Commentary - (2022) Volume 21, Issue 4

Oral Squamous Cell Carcinoma: A Malignant Tumor
Daniel Johnson*
 
Department of Otolaryngology-Head and Neck Surgery, University of California at San Francisco, San Francisco, USA
 
*Correspondence: Daniel Johnson, Department of Otolaryngology-Head and Neck Surgery, University of California at San Francisco, San Francisco, USA, Email:

Received: 01-Apr-2022, Manuscript No. OHDM-22-16283; Editor assigned: 04-Apr-2022, Pre QC No. OHDM-22-16283; Reviewed: 18-Apr-2022, QC No. OHDM-22-16283; Revised: 25-Apr-2022, Manuscript No. OHDM-22-16283; Published: 02-May-2022, DOI: 10.35248/2247-2452.22.21.994

Description

The most frequent oral malignancy is Oral Squamous Cell Carcinoma (OSCC), which accounts for 80%–90% of all malignant neoplasms of the mouth. Although the prevalence of oral cancer varies highly around the world, it is generally agreed that the oral cavity is the 6th to 9th most common anatomical site for cancer depending primarily on the country (and even specific region in some countries) and gender of the patients. Despite this average incidence, it might be the most common site for cancer in some areas, particularly in Southeast Asia. The most common etiological and predisposing factors for OSCC are smoking and drinking habits, as well as ultraviolet radiation (particularly for lip cancer), but other factors such as Human Papilloma Virus (HPV) and candida infections, nutritional deficiencies, and genetic predisposition have also been associated. OSCC is a disease that affects adults and the elderly with the most common clinical manifestation being an ulcerated lesion with a necrotic centre area and raised rolling edges [1]. Although most studies report similar demographic and clinicopathological data on OSCC, it is acknowledged that several variables change significantly from country to country and even between regions within the same nation. Oral cancer that develops between the vermilion border of the lips and the junction of the hard and soft palates, or the posterior one- third of the tongue is known as oral cancer. Oral squamous cell carcinoma affects almost 95% of those who smoke, drink, or do both. Early treatable lesions are rarely symptomatic, so early diagnosis through screening is essential for preventing deadly disease. Surgery, radiation, or both are used to treat oral cavity cancer, albeit surgery plays a larger role in most cases. The total 5-year survival rate (across all sites and stages) is greater than 50% [2].

Risk Factors

Smoking (particularly>2 packs/day) and alcohol consumption are the two main risk factors for oral squamous cell cancer. When you drink more than 6 ounces of distilled liquor, 15 ounces of wine, or 36 ounces of beer each day, your risk rises considerably. Heavy smoking and alcohol abuse are expected to increase the risk to 100-fold in women and 38-fold in males when combined [3]. Any chronic irritation such as dental caries, overuse of mouthwash, chewing tobacco, or the use of betel quid, can cause squamous cell carcinoma of the tongue. Oral Human Papilloma Virus (HPV) which is usually acquired through oral- genital contact may have a role in the etiology of some oral malignancies. Nevertheless, HPV is found in oral cancer far less frequently than in oropharyngeal cancer. The floor of the mouth or the lateral and ventral surfaces of the tongue are the sites of about 40% of intraoral squamous cell carcinomas. The lower lip is home to about 38% of all oral squamous cell carcinomas, which are mainly solar-related malignancies on the exterior surface. Oral squamous cell carcinoma can be diagnosed using biopsies, endoscopies to detect secondary malignancies, chest X-rays and CT scans of the head and neck [4].

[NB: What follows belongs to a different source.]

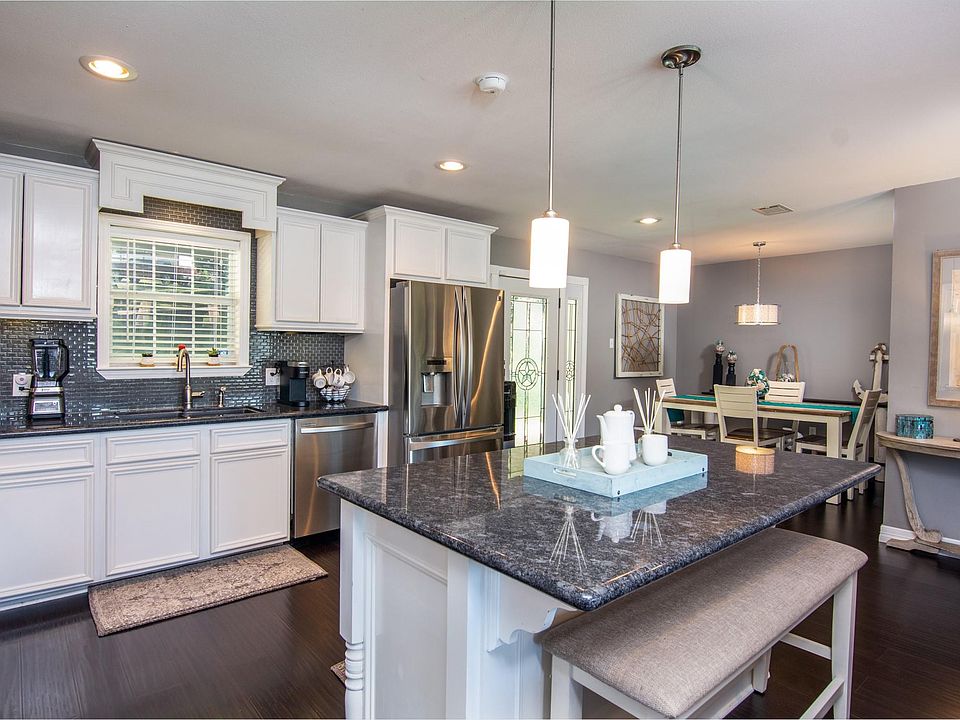 1st image of 150 Edgewater Way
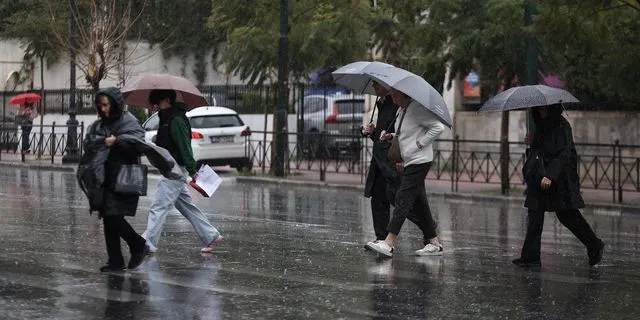 Διήμερη κακοκαιρία με καταιγίδες, χαλάζι και σκόνη – Πού θα “χτυπήσει”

Treatment of Oral Squamous Cell Carcinoma

Surgery is followed by radiation or chemoradiation if necessary. Surgery is the first-line treatment for the majority of oral cavity malignancies. If the disease is progressing or has high-risk characteristics, radiation or chemoradiation is added postoperatively. Selective neck dissection is recommended if the likelihood of nodal illness is greater than 15% to 20%. Neck dissections are commonly performed for any lesion with a depth of invasion greater than roughly 3.5 mm, notwithstanding the lack of unanimity. Routine surgical rebuilding, ranging from local tissue flaps to free tissue transfers, is the key to decreasing postoperative oral impairments. Following major resections [5], speech and swallowing therapy may be required. Radiation therapy is a primary treatment option and chemotherapy is not frequently used as a primary therapy but it is suggested as an adjuvant therapy in patients with severe nodal disease in addition with radiotherapy. Surgical excision with reconstructing to maximise postoperative function is the treatment for squamous cell carcinoma of the lip. When extensive sections of the lip show signs of premalignant alteration, the lip can be surgically shaved or all the damaged mucosa can be removed with a laser. Mohs surgery is an option. Following that, sunscreen should be used as needed.